À cette heure, le château était forcé ; les Suisses, qui avaient défendu pied à pied l’escalier, la chapelle, les galeries, étaient partout enfoncés, poursuivis, mis à mort. Les plus heureux étaient les gentilshommes qui, maîtres de la grande galerie du Louvre, avaient toujours une issue prête pour échapper. Ils s’y jetèrent et trouvèrent à l’extrémité l’escalier de Catherine de Médicis, qui les mit dans un lieu désert. Tous, ou presque tous échappèrent : on n’en vit point parmi les morts. Les corps qui portaient du linge fin portaient aussi l’habit rouge ; c’étaient les faux Suisses, anciens gardes constitutionnels, et non pas les gentilshommes.

 

 

Les habits rouges étaient fort nombreux, bien au-delà des mille trois cent trente véritables Suisses qu’accuse leur capitaine.

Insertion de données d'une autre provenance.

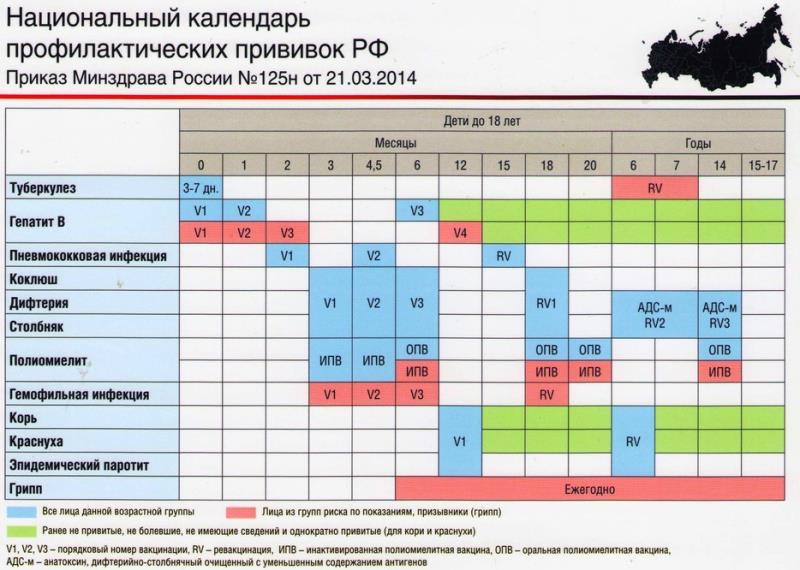 Календарь прививок РФ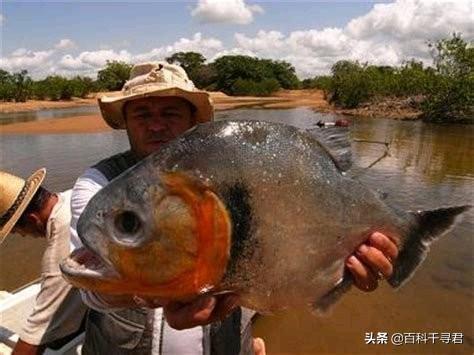 媒体报道，巴拉圭食人鱼袭击导致人死亡数十人受伤，怎么回事？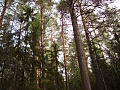 Нажмите на изображение для увеличения
Название: DSC01923.jpg
Просмотров: 66
Размер:	796.8 Кб
ID:	215077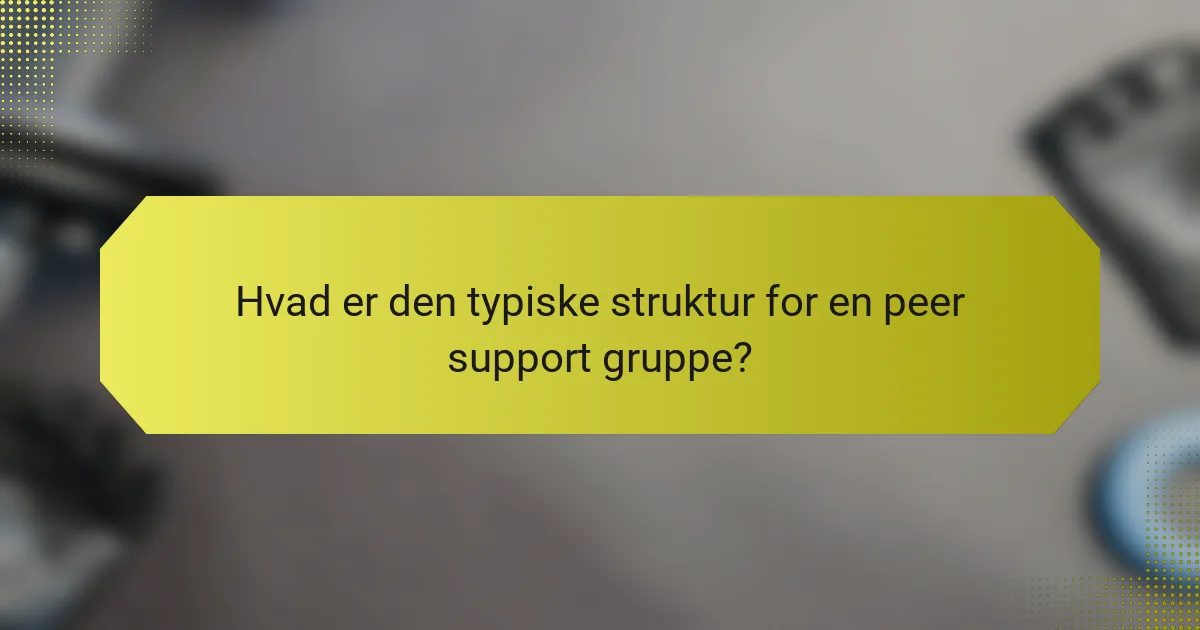 Hvad er den typiske struktur for en peer support gruppe?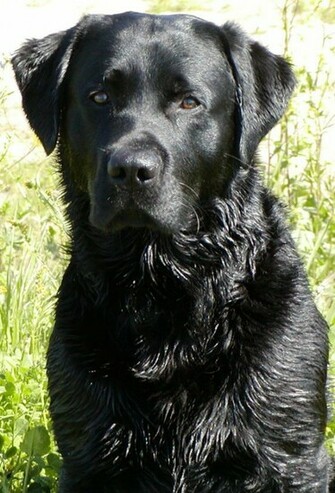 Wallpaper Black Lab Dogs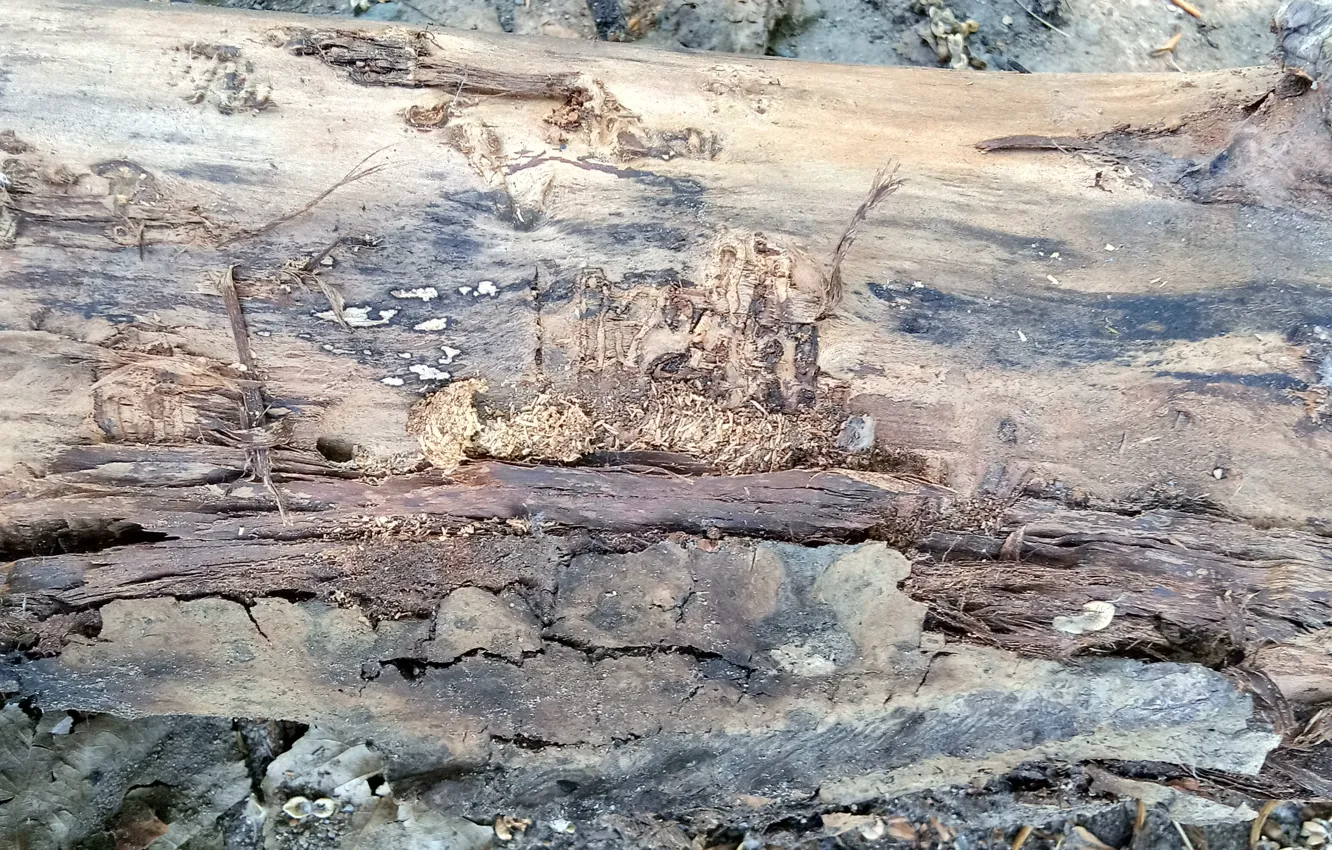 Photo wallpaper trees, texture, tree bark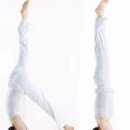 #3361 나는 누구인가? - 물구나무 서기 Handstand 이미지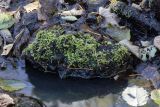 Brachythecium rivulare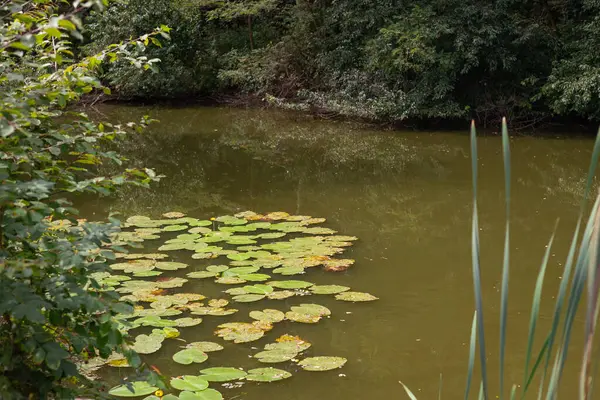 Nilüferli gölet. Parktaki bataklık manzarası.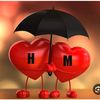 hm58338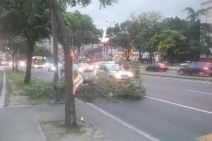 Vetar divljao, obarao drveće po Beogradu  (FOTO)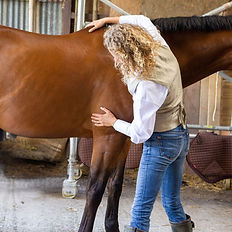 Nicci Parry Natural Healthcare Equine Craniosacral Therapy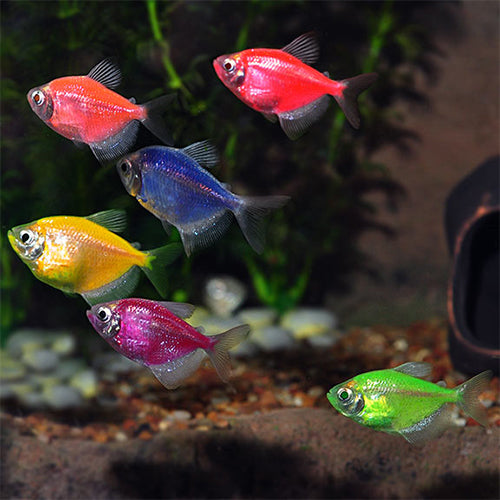 Glow Tetra
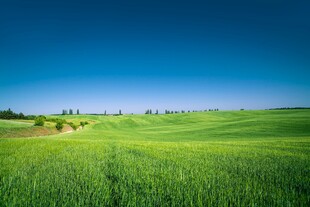 翠绿田野蓝天映衬的美景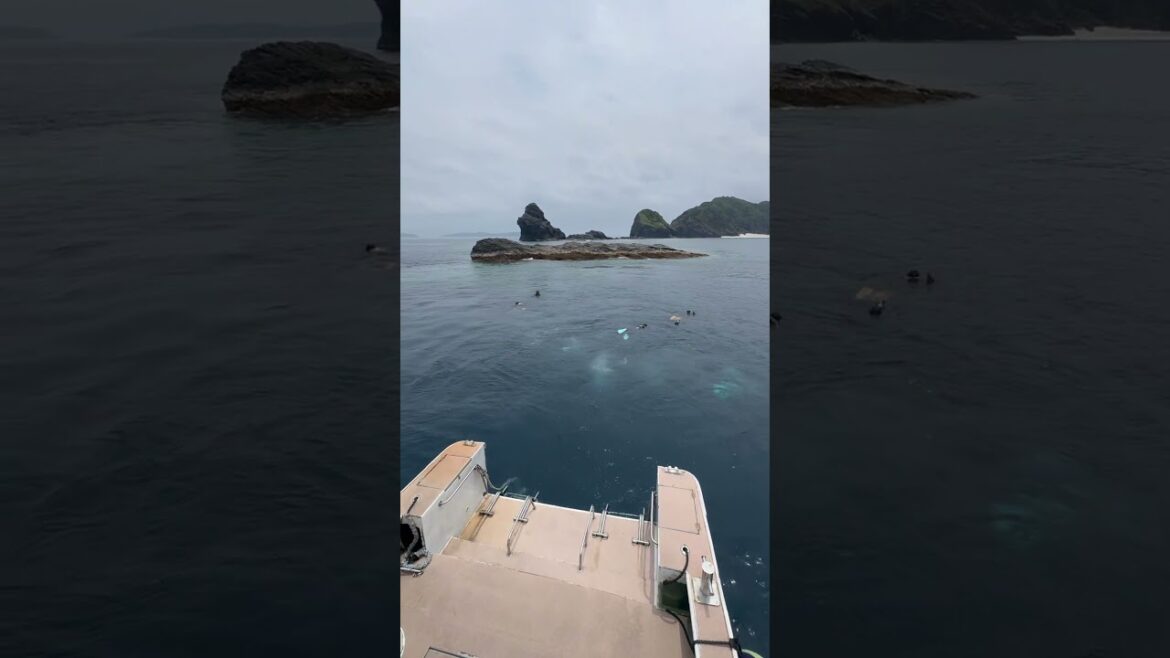 ドリフトダイビング沖縄・ディーズパルス沖縄 ドリフトダイビング沖縄・ディーズパルス沖縄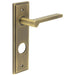 Antique Brass Door Handle with Backplate Bathrooms Elegant Design Solid Brass Interior Handle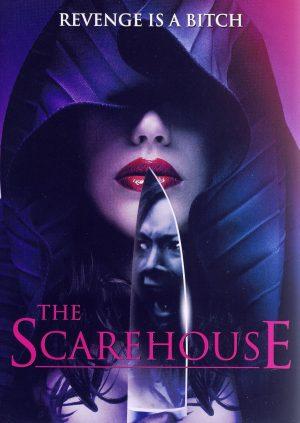 the scarehouse dvd a vendre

Suisses ou non, tous furent admirables. Ils se retirèrent lentement par le jardin, attendant, ralliant leurs camarades avec le sang-froid et l’aplomb de vieilles troupes manœuvrant comme à la parade, serrant tranquillement leurs rangs à mesure que la fusillade les éclaircissait. Ils firent dix haltes peut-être dans la traversée du jardin (dit un témoin oculaire) pour repousser les assaillants, chaque fois avec des feux de file parfaitement exécutés. Une chose dut les étonner fort, ce fut la prodigieuse multitude de gardes nationaux qui remplissait le jardin et allait toujours croissant. À huit heures, avant le combat, il y avait eu à la Grève huit ou dix mille gardes nationaux armés de fusils ; entre midi et une heure, immédiatement après le combat, le même témoin en vit aux Tuileries jusqu’à trente ou quarante mille. En faisant la part, ordinairement nombreuse, des hommes qui volent toujours au secours de la victoire, il reste néanmoins bien évident que le 10 août fut fait ou consenti, ratifié en quelque sorte par l’ensemble de la population, non par une partie du peuple, et nullement la partie infime, comme on l’a tant répété. Il y avait un grand nombre d’hommes en uniforme parmi ceux qui prirent le château. Ces uniformes même causèrent une fatale méprise. Les fédérés bretons, portant des habits rouges, furent pris par les officiers du château pour des Suisses qui auraient passé à l’ennemi, et tirés de préférence ; huit tombèrent du premier coup. [...]

 

 

Source : Michelet (Jules), Histoire de la Révolution française, Paris, Robert Laffont, 1979.